--- Begin Message ---
Subject: |
drain-input doesn't decode |
Date: |
Fri, 4 Mar 2016 03:09:44 +0000 |
The documentation for drain-input says that it returns a string of
characters, implying that the result is equivalent to what you'd get
from calling read-char some number of times. In fact it differs in a
significant respect: whereas read-char decodes input octets according to
the port's selected encoding, drain-input ignores the selected encoding
and always decodes according to ISO-8859-1 (thus preserving the octet
values in character form).
$ echo -n $'\1a\2b\3c' | guile-2.0 -c '(set-port-encoding! (current-input-port)
"UCS-2BE") (write (port-encoding (current-input-port))) (newline) (write (map
char->integer (let r ((l '\''())) (let ((c (read-char (current-input-port))))
(if (eof-object? c) (reverse l) (r (cons c l))))))) (newline)'
"UCS-2BE"
(353 610 867)
$ echo -n $'\1a\2b\3c' | guile-2.0 -c '(set-port-encoding! (current-input-port)
"UCS-2BE") (write (port-encoding (current-input-port))) (newline) (peek-char
(current-input-port)) (write (map char->integer (string->list (drain-input
(current-input-port))))) (newline)'
"UCS-2BE"
(1 97 2 98 3 99)
The practical upshot is that the input returned by drain-input can't
be used in the same way as regular input from read-char. It can still
be used if the code doing the reading is totally aware of the encoding,
so that it can perform the decoding manually, but this seems a failure
of abstraction. The value returned by drain-input ought to be coherent
with the abstraction level at which it is specified.

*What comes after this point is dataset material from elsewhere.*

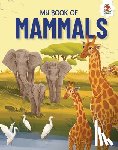 Jeffery, Eliza - My Book of Mammals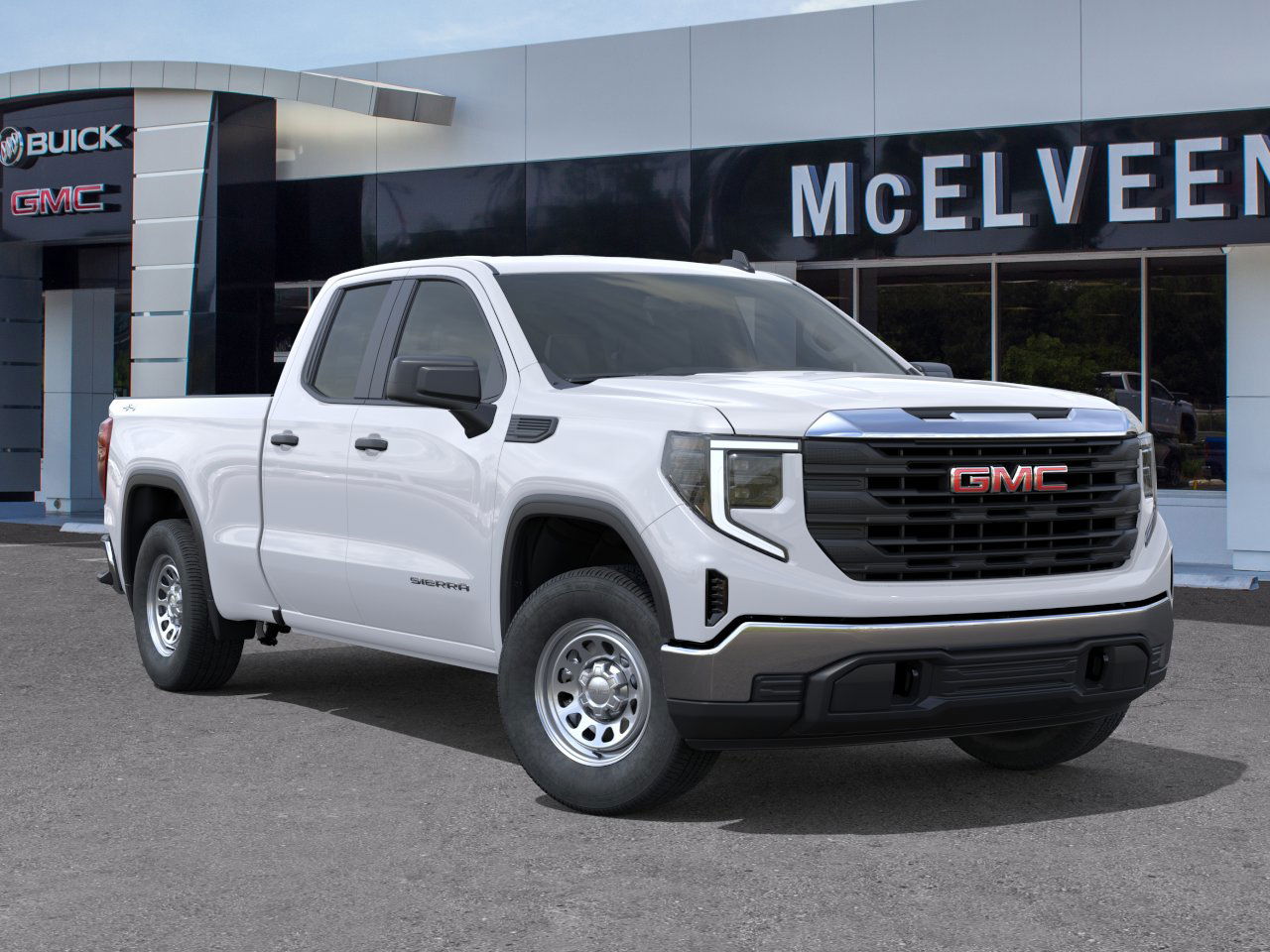 2026 GMC Sierra 1500 Pro - Photo 31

I can see that there is a reason for drain-input to avoid performing
decoding: the problem that occurs if the buffer ends in the middle
of a character. If drain-input is to return decoded characters then
presumably in this case it would have to read further octets beyond the
buffer contents, in an unbuffered manner, until it reaches a character
boundary. If this is too unpalatable, perhaps drain-input should be
permitted only on ports configured for single-octet character encodings.
If, on the other hand, it is decided to endorse the current non-decoding
behaviour, then the break of abstraction needs to be documented.
-zefram
--- End Message ---
--- Begin Message ---
Subject: |
drain-input doesn't decode |
Date: |
Wed, 19 May 2021 13:41:26 +0200 |
User-agent: |
Mozilla/5.0 (Windows NT 10.0; Win64; x64; rv:78.0) Gecko/20100101 Thunderbird/78.10.1 |
Closing this since it's 5 years old and fixed in Guile 2.1 and higher.
--
Taylan
--- End Message ---